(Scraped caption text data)
* * *

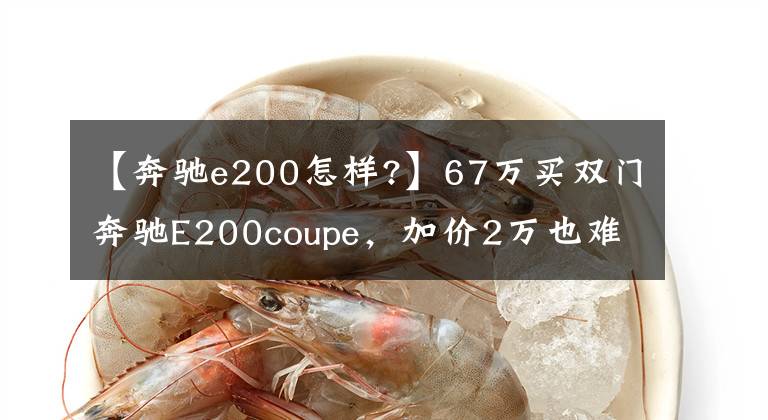 【奔驰e200怎样?】67万买双门奔驰E200coupe，加价2万也难提车，车主吐槽钥匙很丑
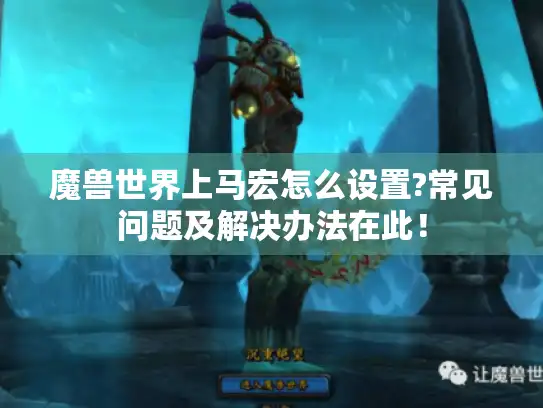 魔兽世界上马宏怎么设置?常见问题及解决办法在此! 魔兽世界上马宏怎么设置?常见问题及解决办法在此!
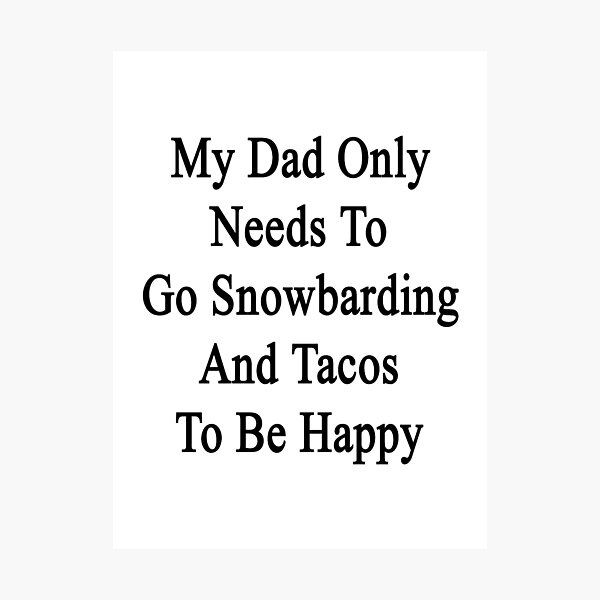 Item preview, My Dad Only Needs To Go Snowboarding And Tacos To Be Happy  designed and sold by supernova23.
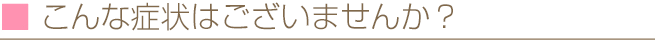こんな症状はございませんか？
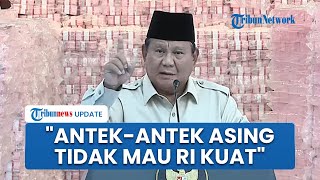 Di Depan Uang Rp 6,6 Triliun, Prabowo Bahas Antek-antek Asing yang Tidak Suka Lihat Indonesia Kuat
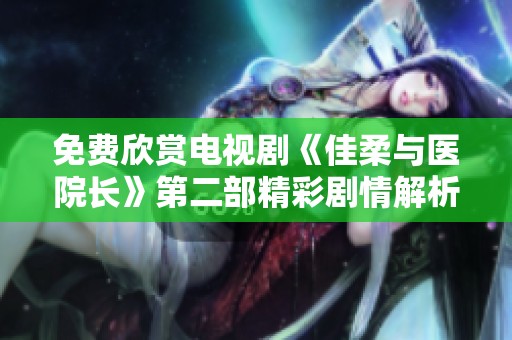 免费欣赏电视剧《佳柔与医院长》第二部精彩剧情解析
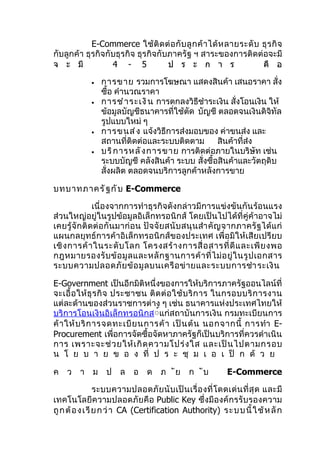E-Commerce ใช้ ติ ด ต่ อ กั บ ลู ก ค้ า ได้ ห ลายระดั บ ธุ ร กิ จ
กับลูกค้า ธุรกิจกับธุรกิจ ธุรกิจกับภาครัฐ ฯ สาระของการติดต่อจะมี
จ ะ มี            4 - 5            ป ร ะ ก า ร                      คื อ

              •   การขาย รวมการโฆษณา แสดงสินค้า เสนอราคา สั่ง
                  ซือ คำานวณราคา
                     ้
              •   การชำ า ระเงิ น การตกลงวิธีชำาระเงิน สั่งโอนเงิน ให้
                  ข้อมูลบัญชีธนาคารที่ใช้ตัด บัญชี ตลอดจนเงินดิจิทัล
                  รูปแบบใหม่ ๆ
              •   การขนส่ ง แจ้งวิธีการส่งมอบของ ค่าขนส่ง และ
                  สถานที่ติดต่อและระบบติดตาม        สินค้าที่ส่ง
              •   บริ ก ารหลั ง การขาย การติดต่อภายในบริษัท เช่น
                  ระบบบัญชี คลังสินค้า ระบบ สั่งซื้อสินค้าและวัตถุดิบ
                  สั่งผลิต ตลอดจนบริการลูกค้าหลังการขาย

บทบาทภาครั ฐ กั บ E-Commerce

               เนื่องจากการทำาธุรกิจดังกล่าวมีการแข่งขันกันร้อนแรง
ส่วนใหญ่อยู่ในรูปข้อมูลอิเล็กทรอนิกส์ โดยเป็นไปได้ที่คู่ค้าอาจไม่
เคยรู้ จั กติ ด ต่ อ กั นมาก่ อ น ปั จ จั ย สนั บ สนุ น สำา คั ญ จากภาครั ฐ ได้ แ ก่
แผนกลยุทธ์การค้าอิเล็กทรอนิกส์ของประเทศ เพื่อมิให้เสียเปรียบ
เชิ ง การค้ า ในระดั บ โลก โครงสร้ า งการสื่ อ สารที่ ดี แ ละเพี ย งพอ
กฎหมายรองรั บ ข้ อ มู ล และหลั ก ฐานการค้ า ที่ ไ ม่ อ ยู่ ใ นรู ป เอกสาร
ระบบความปลอดภั ย ข้ อ มู ล บนเครื อ ข่ า ยและระบบการชำา ระเงิ น

E-Government เป็นอีกมิติหนึ่งของการให้บริการภาครัฐออนไลน์ที่
จะเอื้ อ ให้ ธุ ร กิ จ ประชาชน ติ ด ต่ อ ใช้ บ ริ ก าร ในกรอบบริ ก ารงาน
แต่ละด้านของส่วนราชการต่าง ๆ เช่น ธนาคารแห่งประเทศไทยให้
บริการโอนเงินอิเล็กทรอนิกส์์แก่สถาบันการเงิน กรมทะเบียนการ
ค้ า ให้ บ ริ ก ารจดทะเบี ย นการค้ า เป็ น ต้ น นอกจากนี้ การทำา E-
Procurement เพื่อการจัดซื้อจัดหาภาครัฐก็เป็นบริการที่ควรดำาเนิน
การ เพราะจะช่ ว ยให้ เ กิ ด ความโปร่ ง ใส และเป็ น ไปตามกรอบ
น โ ย บ า ย ข อ ง ที่ ป ร ะ ชุ ม เ อ เ ป็ ก ด้ ว ย

ค ว า ม ป ล อ ด ภ ัย ก ับ                                      E-Commerce

                ระบบความปลอดภั ย นั บ เป็ น เรื่ อ งที่ โ ดดเด่ น ที่ สุ ด และมี
เทคโนโลยีความปลอดภัยคือ Public Key ซึ่งมีองค์กรรับรองความ
ถู ก ต้ อ งเ รี ย ก ว่ า CA (Certification Authority) ร ะ บบ นี้ ใช้ ห ลั ก
 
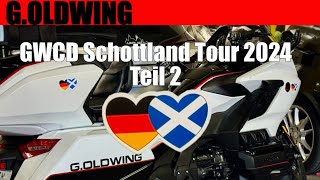 GOldwing  GWCD Schottland Tour 2024  Teil 2 [upl. by Gwendolen]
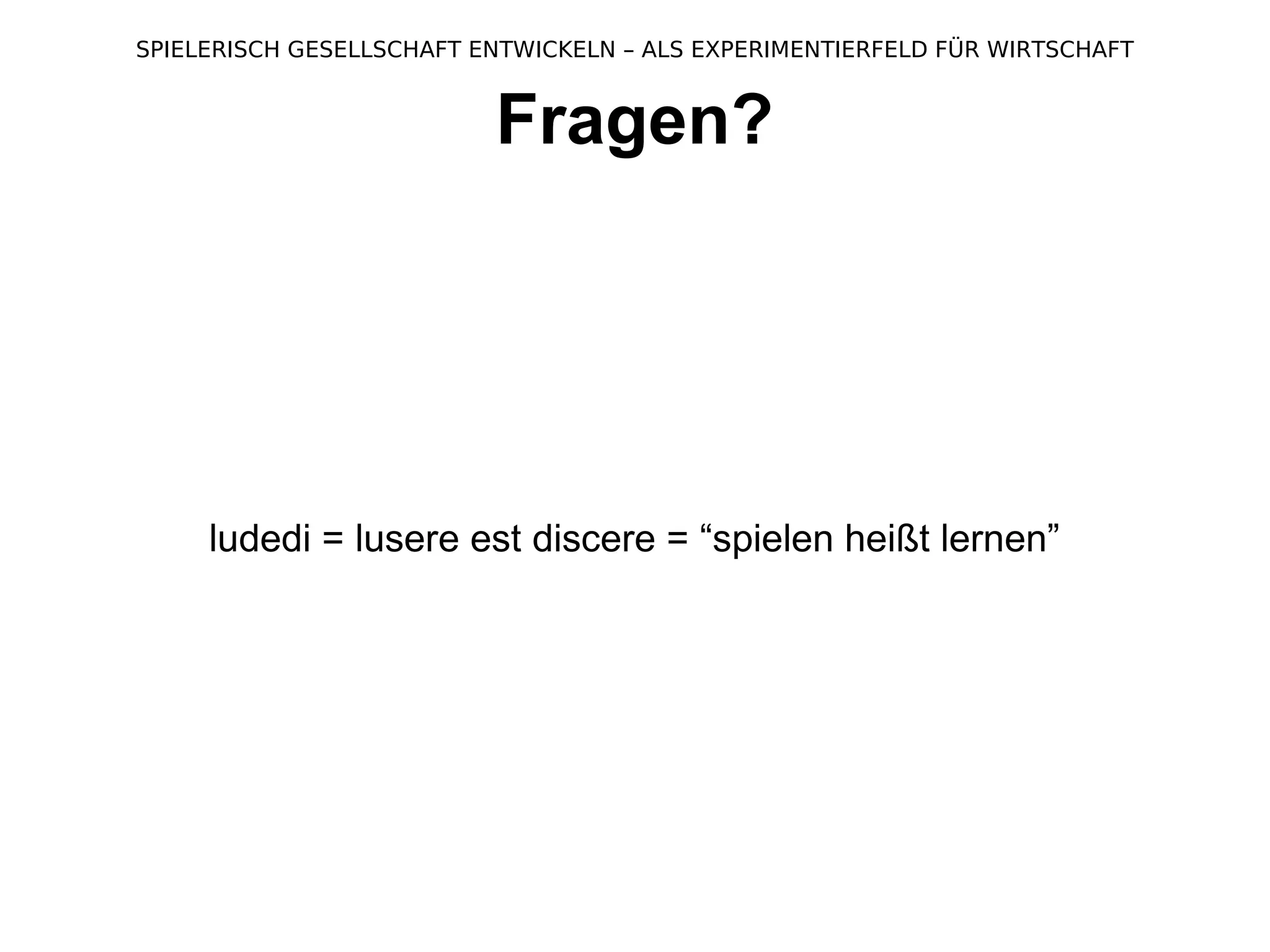 Fragen? ludedi = lusere est discere = “spielen heißt lernen” 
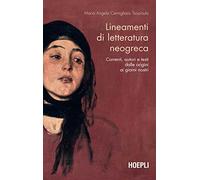 Lineamenti di letteratura neogreca. Correnti, autori e testi dalle origini ai giorni nostri (Letteratura e civiltà straniere)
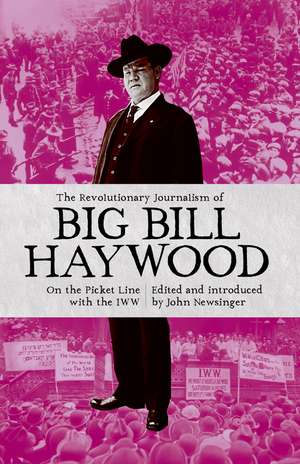 The Revolutionary Journalism of Big Bill Haywood: On the Picket Line with the IWW de John Newsinger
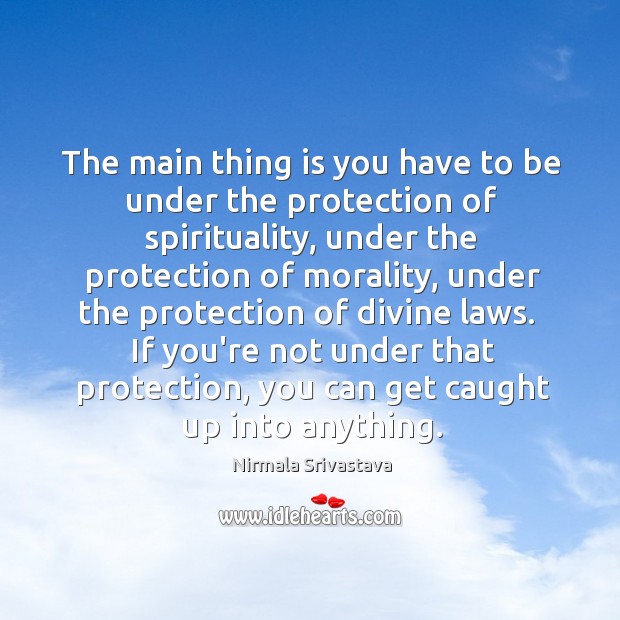 The main thing is you have to be under the protection of Nirmala Srivastava Picture Quote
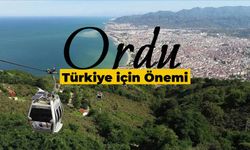 Ordu’nun Türkiye İçin Önemi: Yemyeşil Doğası ile Orduyu Tanıyın!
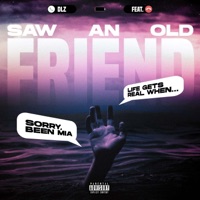 Saw an Old Friend - Single - DLZ, Jez Dior & Abstract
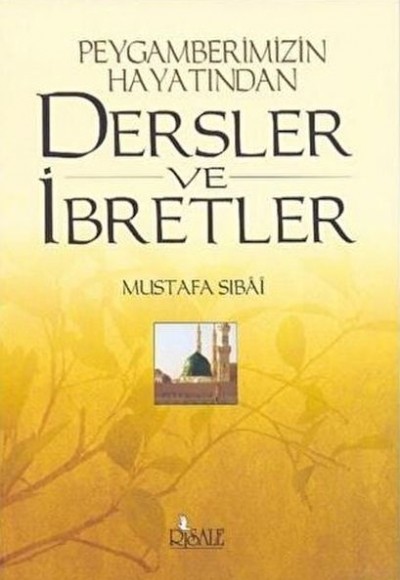 Peygamberimizin Hayatından Dersler ve İbretler Peygamberimizin Hayatından Dersler ve İbretler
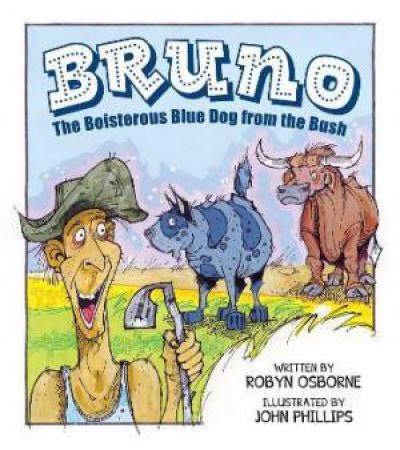 Bruno The Boisterous Blue Dog From The Bush by Robyn Osborne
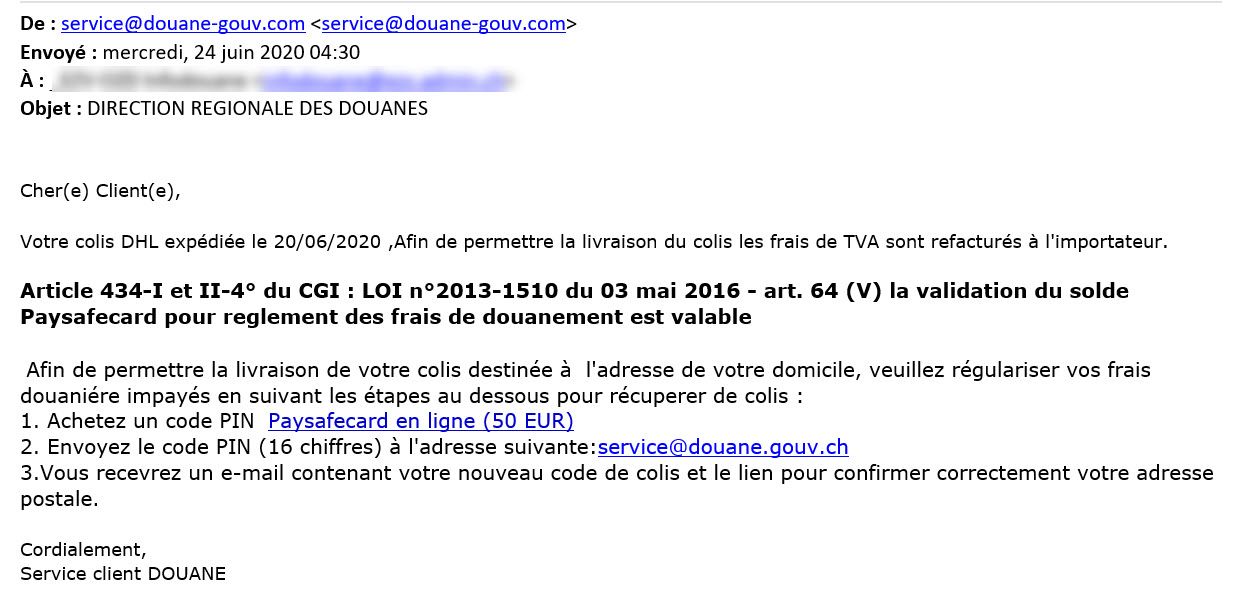 Stampa di un messaggio di truffa con mittente service@douane-gouv.com. Oggetto: DIRECTION REGIONALE DES DOUANES. Contenuto: Cher(e) Client(e), Votre colis DHL expédiée le 20/06/2020, Afin de permettre la livraison du colis les frais de TVA sont refacturés à l'importateur. Article 434-I et II-4° du CGI : LOI n°2013-1510 du 03 mai 2016 - art. 64 (V) la validation du solde Paysafecard pour reglement des frais de douanement est valable. Afin de permettre la livraison de votre colis destinée à l'adresse de votre domicile, veuillez régulariser vos frais douaniére impayés en suivant les étapes au dessous pour récuperer de colis : 1. Achetez un code PIN Paysafecard en ligne (50 EUR). 2. Envoyez le code PIN (16 chiffres) à l'adresse suivante: service@douane.gouv.ch. 3. Vous recevrez un e-mail contenant votre nouveau code de colis et le lien pour confirmer correctement votre adresse postale. Cordialement, Service client DOUANE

* * *

Work to complete — The output is the stretch above from the line with "เทคโนโลยีความปลอดภัยคือ Public Key" through the line with "Bruno The Boisterous", copied word for word with both ends kept and every picture dropped.

Exercise result —
เทคโนโลยีความปลอดภัยคือ Public Key ซึ่งมีองค์กรรับรองความ
ถู ก ต้ อ งเ รี ย ก ว่ า CA (Certification Authority) ร ะ บบ นี้ ใช้ ห ลั ก
 
 GOldwing  GWCD Schottland Tour 2024  Teil 2 [upl. by Gwendolen]
 Fragen? ludedi = lusere est discere = “spielen heißt lernen” 
 Lineamenti di letteratura neogreca. Correnti, autori e testi dalle origini ai giorni nostri (Letteratura e civiltà straniere)
 The Revolutionary Journalism of Big Bill Haywood: On the Picket Line with the IWW de John Newsinger
 The main thing is you have to be under the protection of Nirmala Srivastava Picture Quote
 Ordu’nun Türkiye İçin Önemi: Yemyeşil Doğası ile Orduyu Tanıyın!
 Saw an Old Friend - Single - DLZ, Jez Dior & Abstract
 Peygamberimizin Hayatından Dersler ve İbretler Peygamberimizin Hayatından Dersler ve İbretler
 Bruno The Boisterous Blue Dog From The Bush by Robyn Osborne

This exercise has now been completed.